Fine-tuned models overfit to the fine-tuning data during text generation?

Overview

I recently fine-tuned a curie model with around 6000 reviews on the airlines and restaurants. I would like to let the model generate reviews on other services (like clothes, customer electronics, etc.) to augment the training data for domain adaptation.

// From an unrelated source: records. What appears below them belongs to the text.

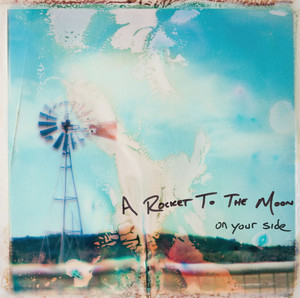 She's Killing Me by A Rocket To The Moon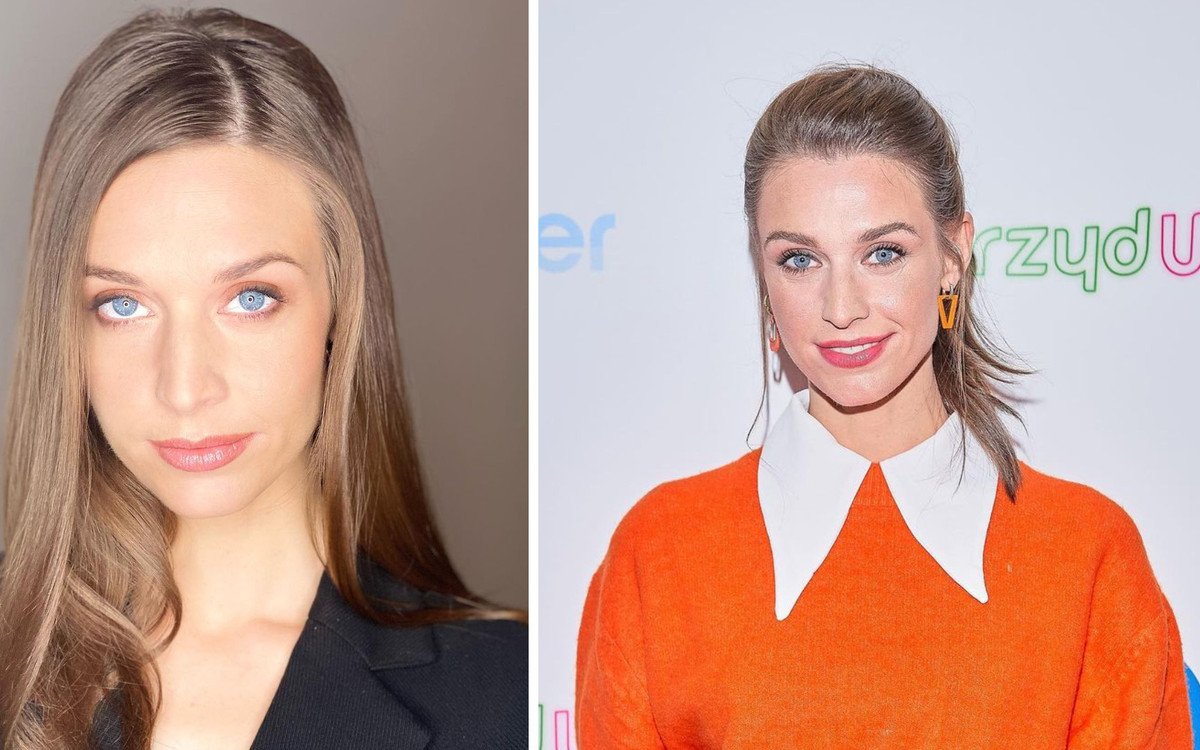 Julia Kamińska ma NOWĄ FRYZURĘ! Wygląda obłędnie!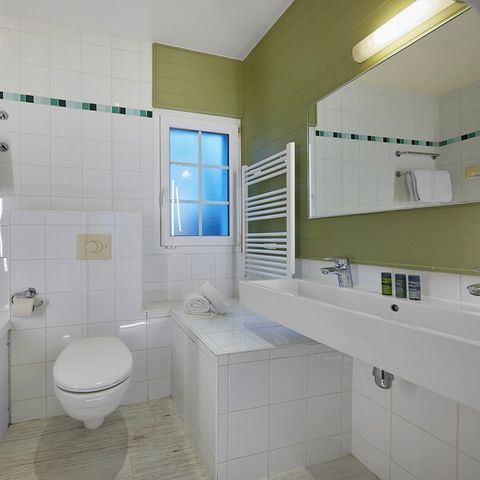 BUNGALOW 6 personnes - Premium Lake LA896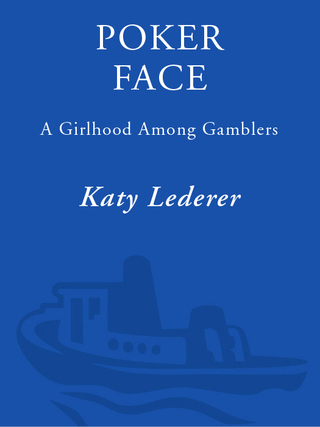 Cover image: Poker Face 9781400052769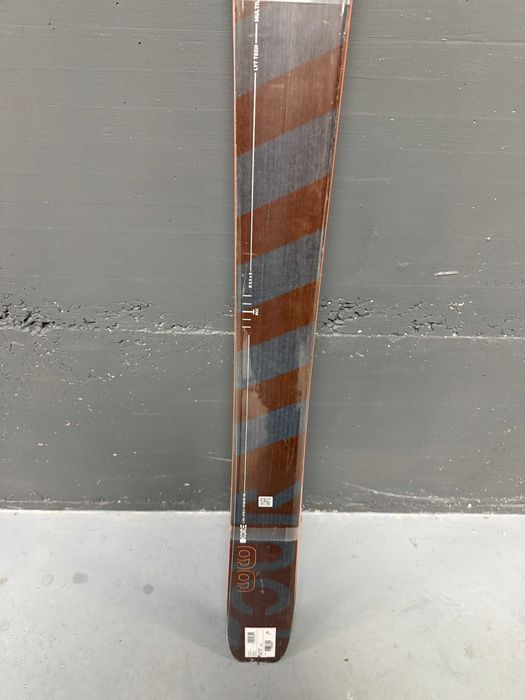 schi tura head kore tour 99 170cm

I spent quite some efforts on filtering the fine-tuning data. I believe they are simple enough for a the curie engine to comprehend. So my fine-tuning data looks like following:

{'prompt': 'A positive review on seat\n\n###\n\n',
  'completion': ' This seat was fantastic. ###'},
 {'prompt': 'A positive review on service\n\n###\n\n',
  'completion': ' That service is adorable. ###'},
 {'prompt': 'A positive review on airline\n\n###\n\n',
  'completion': ' That airline was awesome. ###'}]

Issues

When I tried to generate reviews on other products, the topics remain in the same domain as fine-tuning data. For example, for a input prompt "A positive review on laptop." (where I explicitly asked to model to generate reviews on laptop), the followings are returned by the model.

To avoid repetition, I set both Temperature and Top P to 1. I also set Frequency penalty to 0.5.

 That service was wonderful. ###

 That was an exciting pilot. ###

 We like that flight. ###

 I hate that pilot. ###

 I appreciate the customer service. ###

Questions

I am suspecting the model here overfits to the fine-tuning data and there is catastrophic forgetting. I am not sure how to resolve this issue. I know one straightforward way is to fine-tune another model with more diverse fine-tuning data. But this is not really feasible in my case.